Namun demikian, perlu juga dipertimbangkan kebijakan hukum lain demi
efektifitas anggaran mengingat biaya yang dibutuhkan untuk membangun RUPBASAN
di seluruh wilayah hukum Indonesia tidaklah murah terutama dalam kondisi
keuangan negara yang sangat terbatas saat ini.
Sehubungan dengan kebutuhan
pengelolaan benda sitaan dan barang rampasan yang lebih efisien, perlu
dipertimbangkan untuk mengembangkan makna Pasal 45 untuk bisa melelang benda
sitaan dengan memperhatikan prinsip-prinsip seperti:
a. Benda sitaan yang harus dilelang
adalah benda sitaan yang nilainya cenderung menurun bahkan signifikan seperti
kendaraan bermotor dan barang bergerak lain.
b. Benda sitaan yang tidak harus
dilelang adalah benda sitaan yang nilainya relatif bertahan atau bahkan naik
seperti tanah dan barang antik tertentu.
Selain melelang benda sitaan,
pengelolaan benda sitaan juga perlu memperhatikan hal-hal seperti benda-benda
yang bernilai/komersil atau benda-benda yang produktif yang penyitaan dengan
menguasai fisik kebendaannya dapat mengakibatkan penurunan nilainya sedangkan
di sisi lain aparat penegak hukum dan RUPBASAN tidak mampu mengelola sendiri.

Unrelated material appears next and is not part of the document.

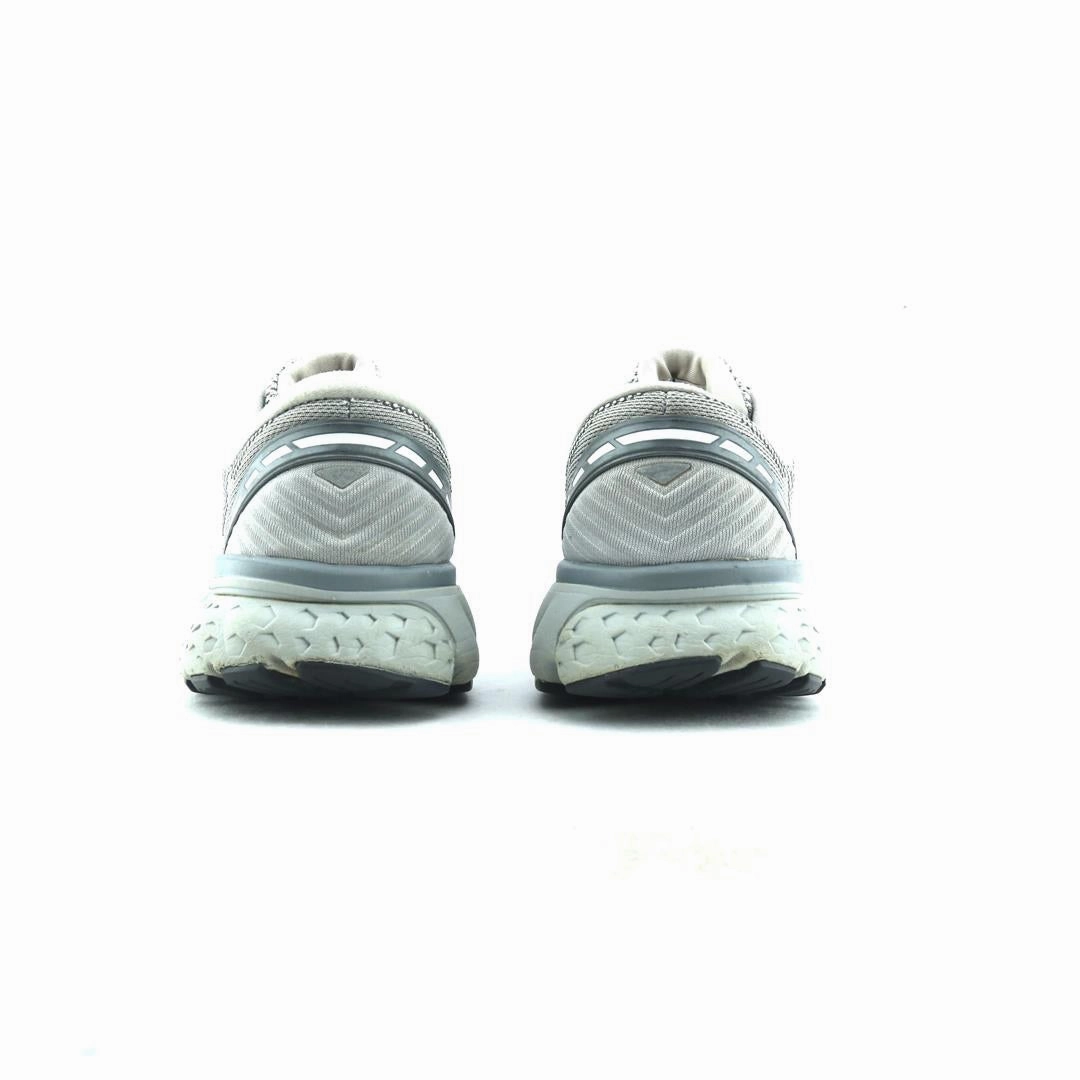 BROOKS GHOST 11 performance running shoe visuals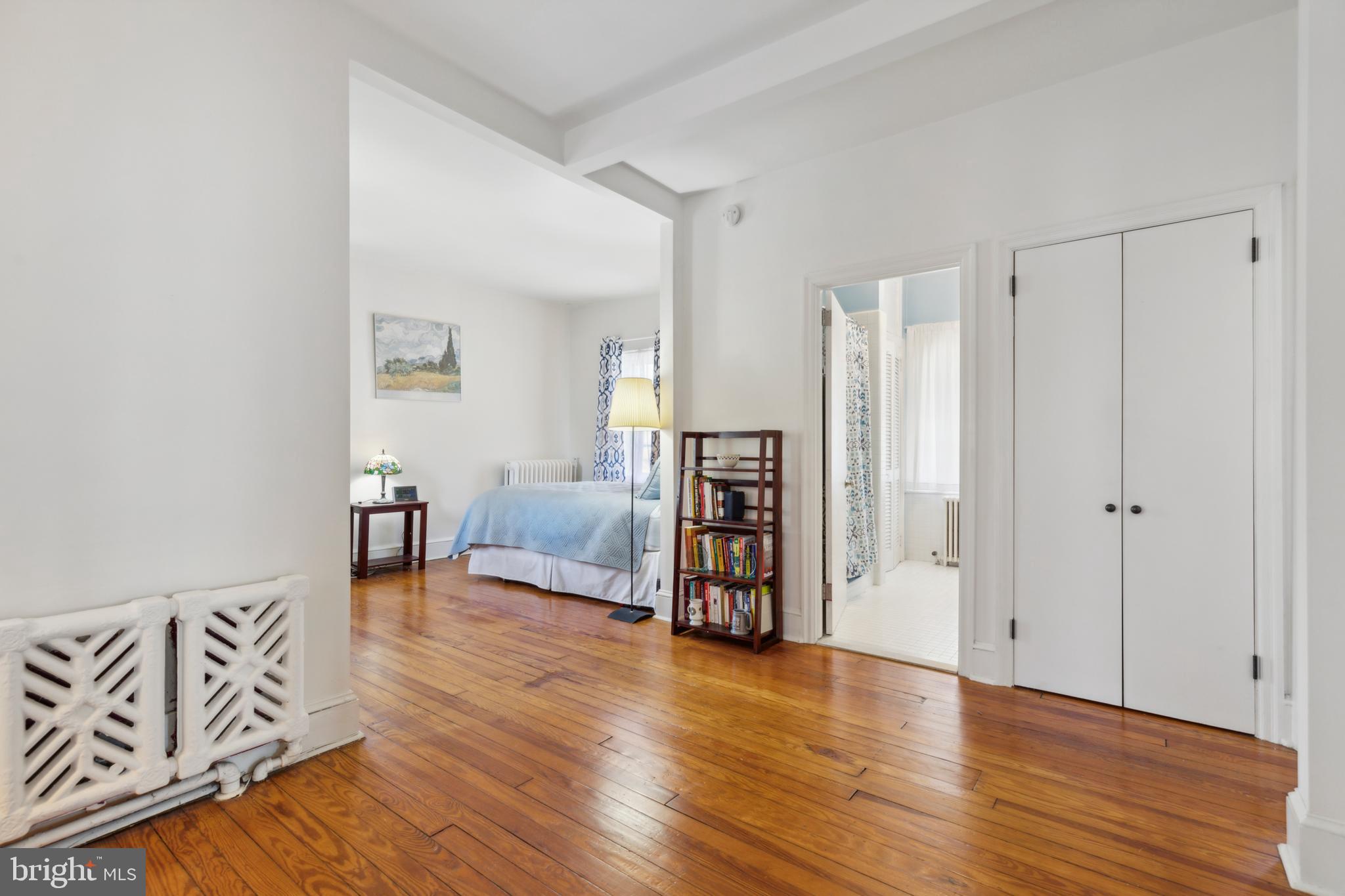15 W HAMPTON ROAD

Dengan demikian secara umum
pengelolaan benda sitaan dapat dikategorikan pada beberapa bentuk pengelolaan:
1. Pengelolaan benda sitaan yang
sekedar disimpan demi tujuan pembuktian (terutama) di pegadilan. Hal ini
dilakukan terhadap benda-benda yang tidak bernilai signifikan secara ekonomis
dan penyimpanannya tidak membutuhkan kemampuan khusus dan atau ruang
penyimpanan yang terlampau besar/luas.
2. Pengelolaan benda sitaan yang perlu
atau harus dilelang demi efektifitas pemeliharaan dan menjaga nilai ekonomis
benda tersebut tanpa menyampingkan kepentingan untuk pembuktian di sidang
pengadilan.
3. Pengelolaan benda sitaan yang perlu
ditangani dengan kemampuan khusus dan karenanya tidak selalu harus diikuti
dengan penguasaan fisik barangnya. Hal ini dapat diterapkan terhadap
benda-benda yang produktif seperti alat berat, kapal, dan lain-lain.
Potensi
kendala pelelangan sehubungan syarat “sejauh mungkin dengan persetujuan
tersangka/terdakwa...” sebagaimana diatur dalam Pasal 45 dapat diminimalisasi
dengan memberikan penjelasan kepada Tersangka/Terdakwa mengenai nilai tambah
pelelangan benda-benda tertentu dan bahwa tersangka/Terdakwa tidak dirugikan
karenanya. Lebih dari itu, KUHAP tidak mensyaratkan persetujuan
Tersangka/Terdakwa untuk melakukan lelang.
4. Pengelolaan
Benda Sitaan dan Barang Rampasan Harus Mengantisipasi Perkembangan Hukum
Saat
ini Indonesia telah memiliki UU Tindak Pidana Pencucian Uang, UU Narkotika, UU
Perdagangan Manusia, dan berbagai undang-undang lain yang ketentuan dan
normanya telah mengikuti perkembangan ilmu hukum termasuk perkembangan
kejahatan yang semakin canggih. Belum lagi RUU Perampasan Aset yang saat ini
tengah disusun yang juga perlu antisipasi pengelolaan benda sitaan dan barang
rampasan secara lebih komprehensif.
Atas
dasar hal-hal di atas, perlu dilakukan terobosan hukum dari ketentuan yang ada
di KUHAP atau membuat UU Hukum Acara Pidana yang baru yang lebih mampu
memayungi berbagai perkembangan ilmu hukum dan praktek penegak hukum di samping
memberi perlindungan hukum dan menjamin kepastian hukum. Rencana untuk mengejar
pertanggungjawaban korporasi dalam tindak pidana lingkungan hidup, tindak
pidana korupsi, tindak pidana narkoika, tindak pidana pencucian uang, dan
tindak pidana lintas negara lainnya juga membutuhkan pengaturan yang lebih
lengkap dan menyeluruh. Kebutuhan untuk mengubah KUHAP untuk tujuan efektifitas
pengelolaan benda sitaan dan barang rampasan juga perlu dipertimbangkan. Usia
KUHAP yang telah mencapai 35 tahun memberikan banyak catatan dalam praktek
mengenai adanya sejumlah kendala baik aturan yang tidak lengkap, tidak jelas,
maupun norma yang sudah tertinggal/berubah.